China risks a catastrophic loss in competitive advantage to the US in artificial intelligence (AI) if it does not invest more in basic research, according to Peking University professor Wang Liwei.

The next technology breakthrough is more likely to happen in America than in China because the latter trails in basic academic research, said Wang, who specializes in machine perception and is a member of the China Computer Federation’s AI and pattern recognition committee. With a tech war raging, China could find itself cut off from the latest advancements in the technology, he said.

RNG74Y Cybernetic brain, deep machine learning and artificial intelligence concept 3D illustration. (Picture: Alamy)

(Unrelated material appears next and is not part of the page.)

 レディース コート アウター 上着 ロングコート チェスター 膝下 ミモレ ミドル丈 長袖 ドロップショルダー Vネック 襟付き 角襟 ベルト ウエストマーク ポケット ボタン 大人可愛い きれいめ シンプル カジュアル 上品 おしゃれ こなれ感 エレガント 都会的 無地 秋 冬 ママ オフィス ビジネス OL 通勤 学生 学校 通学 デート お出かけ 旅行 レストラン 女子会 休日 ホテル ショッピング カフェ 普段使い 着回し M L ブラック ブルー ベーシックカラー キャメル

“I think the ability to make such a breakthrough represents the real level of AI development of a country,” Wang said in an interview in Shanghai last week. “You can imagine what will happen if it’s in the US, not in China.”

China is engaged in a race with the US in AI development, with China’s State Council issuing a three-step plan in 2017 to make the country a global leader in the technology by 2030. It is a battle fought in the laboratories in universities and companies as much as in real-life application and strategic thinkers in both countries see mastery of AI as a key to unlocking future economic and military gains.

China lags behind the US in the global talent needed to power AI research and development. China has fewer than 30 universities with AI labs. Forty percent of data scientists in China have less than five years of working experience, while in the US, more than half of the researchers have more than 10 years of experience. China also has about half of the global AI talent compared to the US, according to the 2018 Deloitte AI report.

Even so, China has made gains in AI in recent years largely on the back of improving on open-source machine learning libraries such as Google’s Tensorflow and Facebook’s Pytorch, which developers grant users the right to study, change and distribute the code for collaboration, according to Wang.

Today's AI is still in an infant stage compared to the ideal artificial neural network, said Wang. Progress in deep learning, a form of AI that mimics the workings of the human brain in processing data for use in decision making, has slowed in the past two years and may be reaching a ceiling, Wang said.

That is why breakthroughs are likely to be grounded in fundamental research, he said.